I have questions and no answers. This seems to be my lot in life. My heart is sore from trying, why must everything require such immense effort? Last night has been difficult. The First Cavalry Division decided to honor the sacrifice of veterans that served with the First Team during Operation Iraqi Freedom. My friends were shown and while it is very nice of the staff at Fort Hood to recognize them, it is very difficult for me to relive their deaths. Time doesn’t heal anything.
It seems like yesterday that we were all laughing and poking fun at each other. We were willing to take on the world, and make it give us what we wanted from it. Eager for battle, ready to be tested in the ultimate contest of wills and marksmanship, we had no idea what we were asking for. Everything was a joke until we stood in the desert and realized that we were all each other had. For us that was enough. It all went wrong quicker than we wanted it to.

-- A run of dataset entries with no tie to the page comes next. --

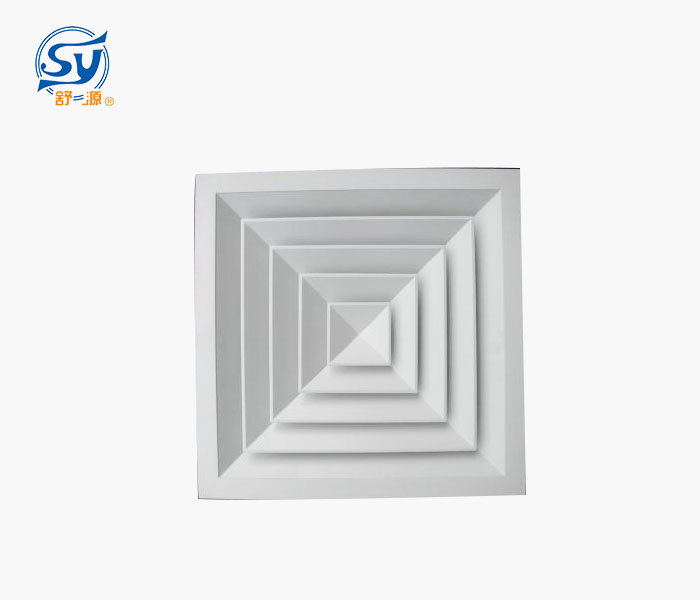 方、矩形散流器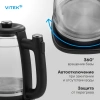 Чайник электрический Vitek VT-WK1074 черный, стекло
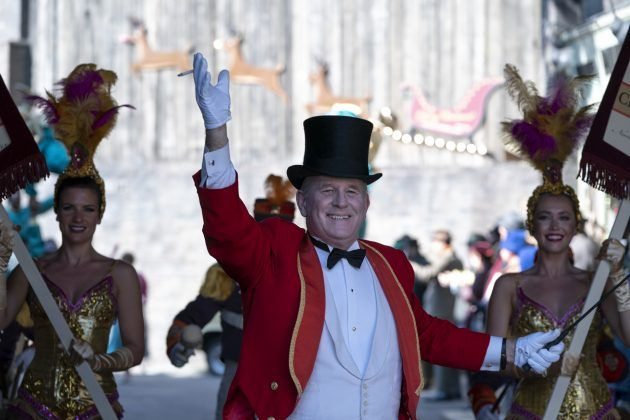 Peter Davison filmis Call the Midwife 2020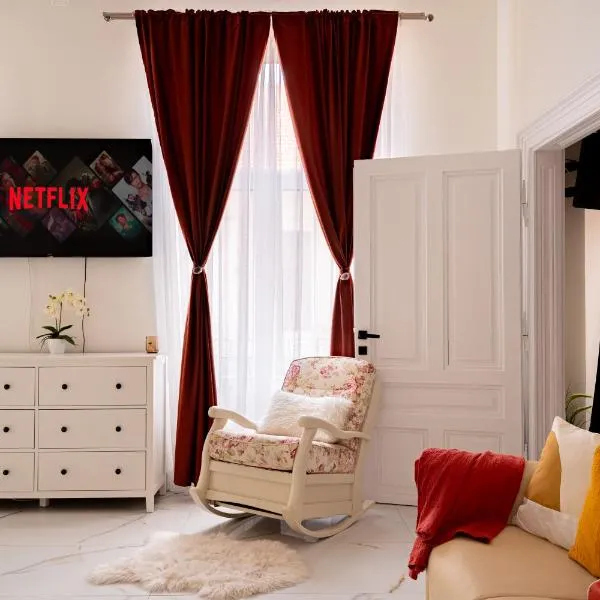 Fabulous Bulevard Ultracentral Apartament，位于阿拉德的酒店
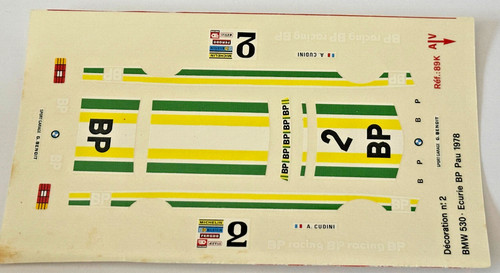 Décalcs bmw 530 - décalcs,
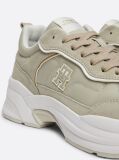 Beige Chunky Runner Trainers  Women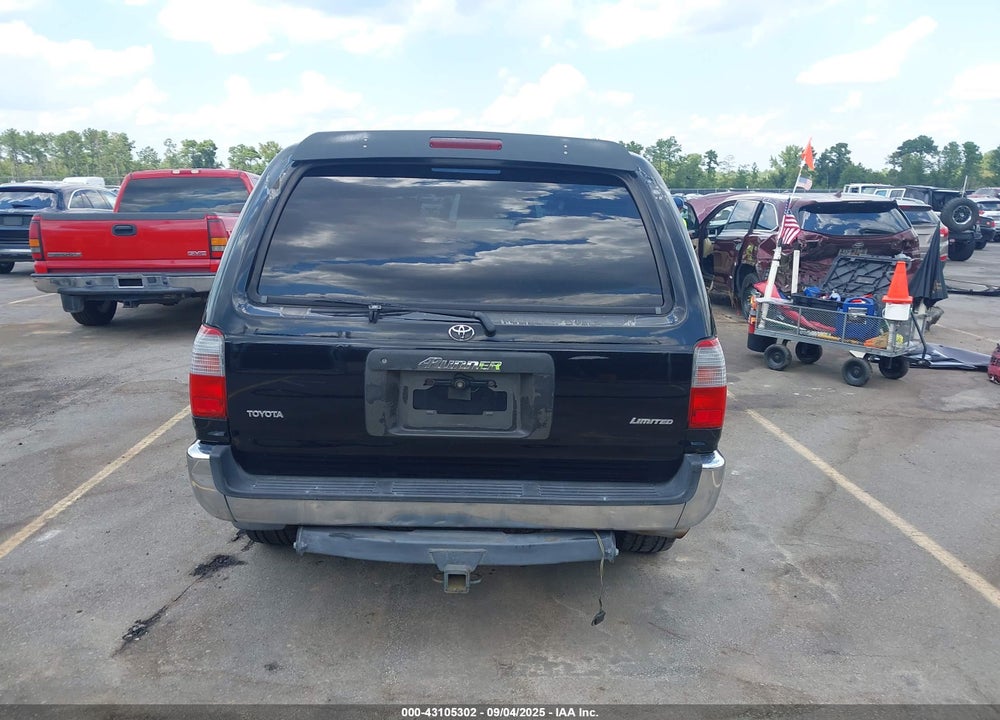 1997 TOYOTA 4RUNNER SR5 V6 LIMITED VIN: JT3HN87R2V0115539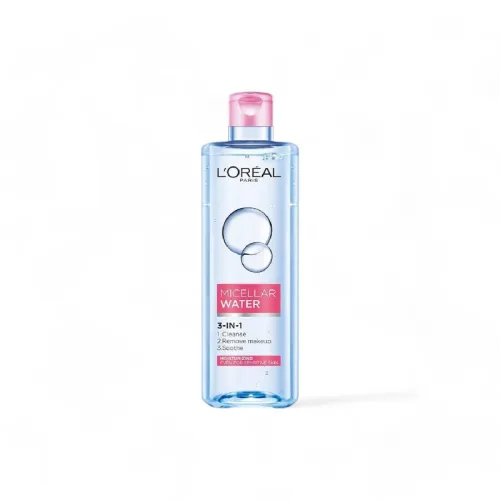 Nước Tẩy Trang Loreal Paris Màu Hồng Dưỡng Ẩm Micellar Water Moisturing 400ml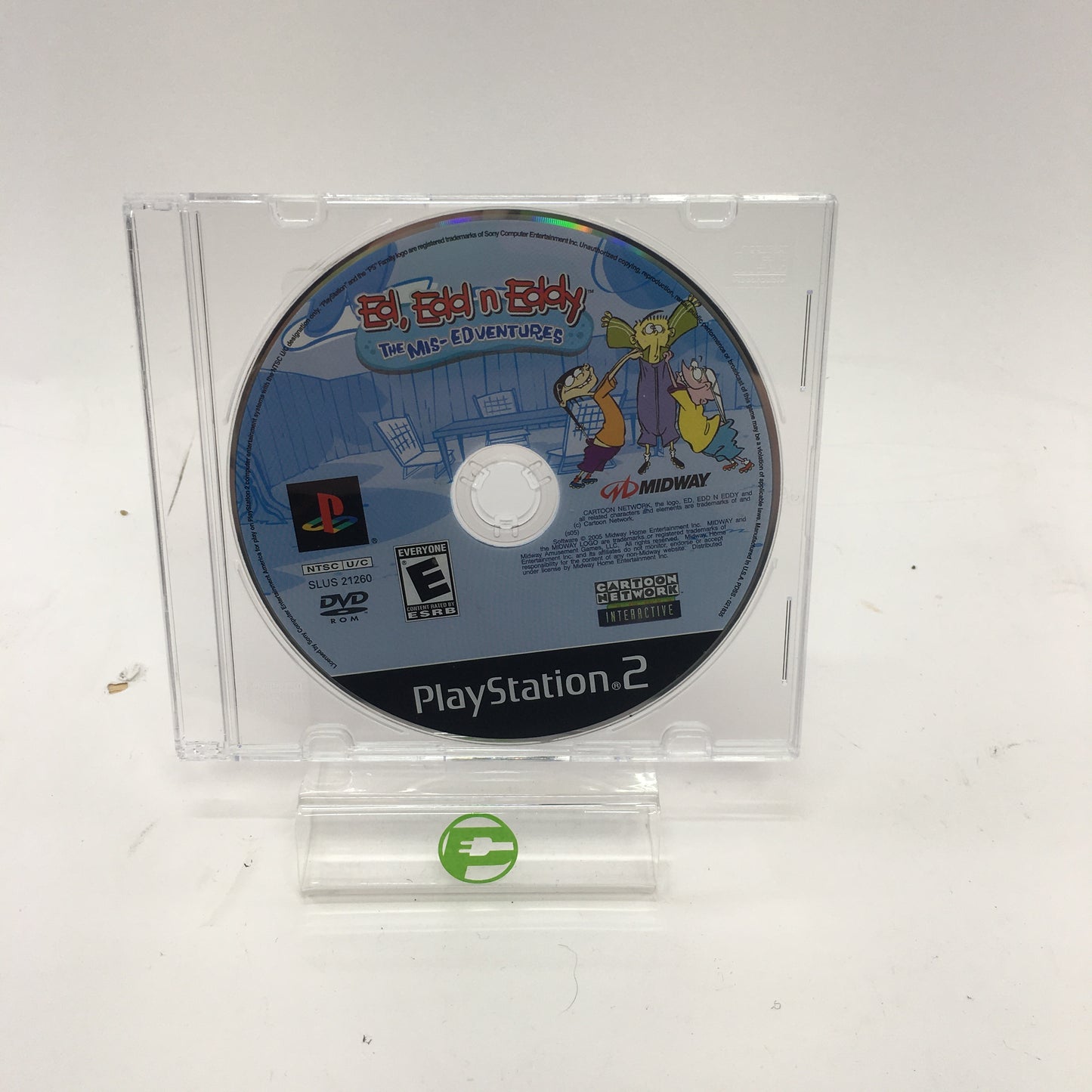 Ed Edd N Eddy Mis-Edventures (Sony PlayStation 2 PS2, 2005) Disc Only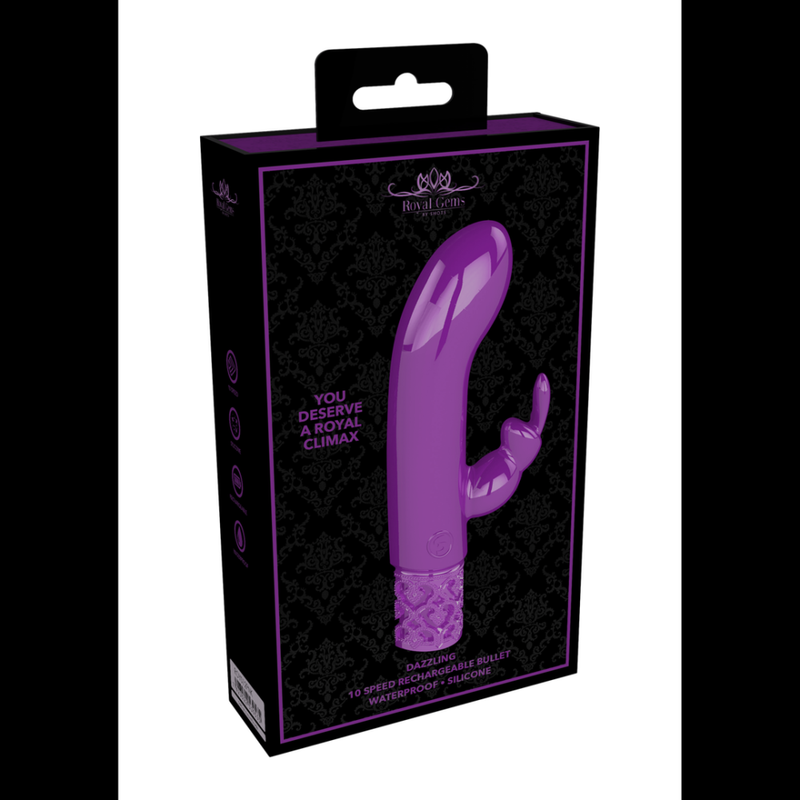 Dazzling - Powerful Rechargeable Rabbit Vibrator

Death is part of life, it is no respecter of occupation, status, or name. We all have an appointment with the Reaper. War is fraught with opportunities to die for your country. Unfortunately, people die. I grieve the loss of my friends even now, 14 years after the fact. In vivid detail, I can remember every emotion that I felt when I was confronted with their deaths. Tonight, will be sleepless. There is no doubt that I will dream of war. It should come as no surprise that I hate this holiday.